Tuesday

Epitaph for My Granma

It’s my maternal granma. Last two days were very trying for the whole family, as we could not help my granmaa in any way to ease her. The only thing we could do was pray that her sufferings come to an end. And, the only solace is that she passed away on a day that is supposed to be holy as per Hinduism.

After speaking to my parents in the morning, today I thought that mentally, I was prepared to hear the news. But, within few hours, when I saw my dad's number flashing on my mobile while driving, I suddenly felt cold and tired. After hearing the news, kept calling my family members just to relieve my restlessness.

Small things and incidents are deeply etched in my memory.
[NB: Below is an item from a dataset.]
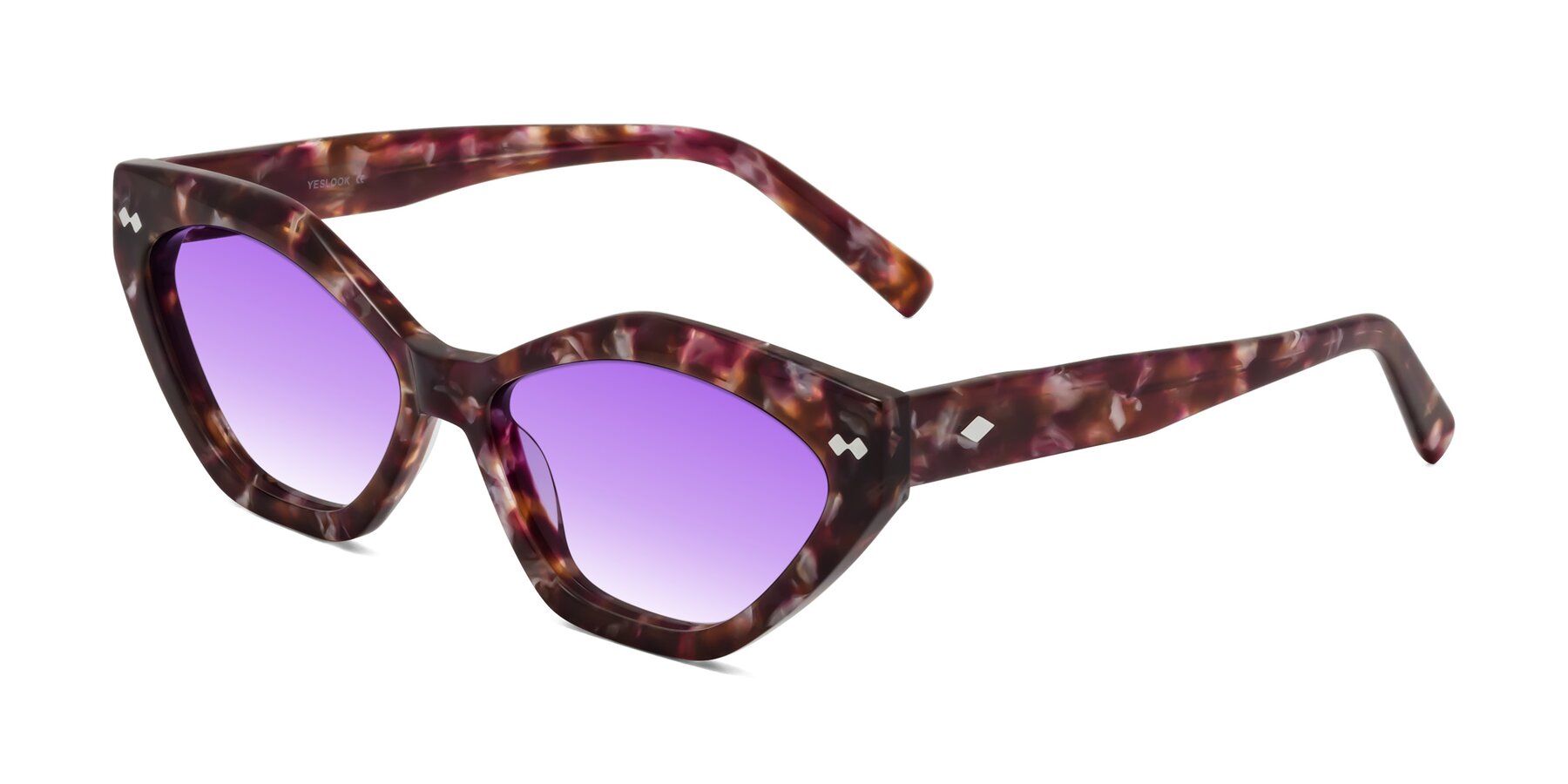 Angle of Delphi in Plum Tortoise with Purple Gradient Lenses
She used to tell that as a preteen, I used to scare her by my tomboyish behavior. To tame me down, she put me in religious classes, where I was taught Suriya Namaskar and then transcendental meditation. 

What a lady she had been! Her bluish gray eyes were warm and stern, and I used to long that at least my kid should inherit it. She was my first inspiration, especially in handling dire circumstances. She had unshakable faith that things will turn around as we wish.

Now, I realize the pangs of being an expat. It is a matter of few hours flight trip to home country, but due to our current plans, unable to go there and do my last rites, as the only granddaughter. This is what we choose, when we become expats.

3 comments:

Srinivas said...

Our deep hearted Condolences.

De'Little Ones said...

You must have missed her a lot. Condolences to your family.

VaishVijay said...

Thank you Sri, Lili, Grace and other friends who consoled me online and by phone.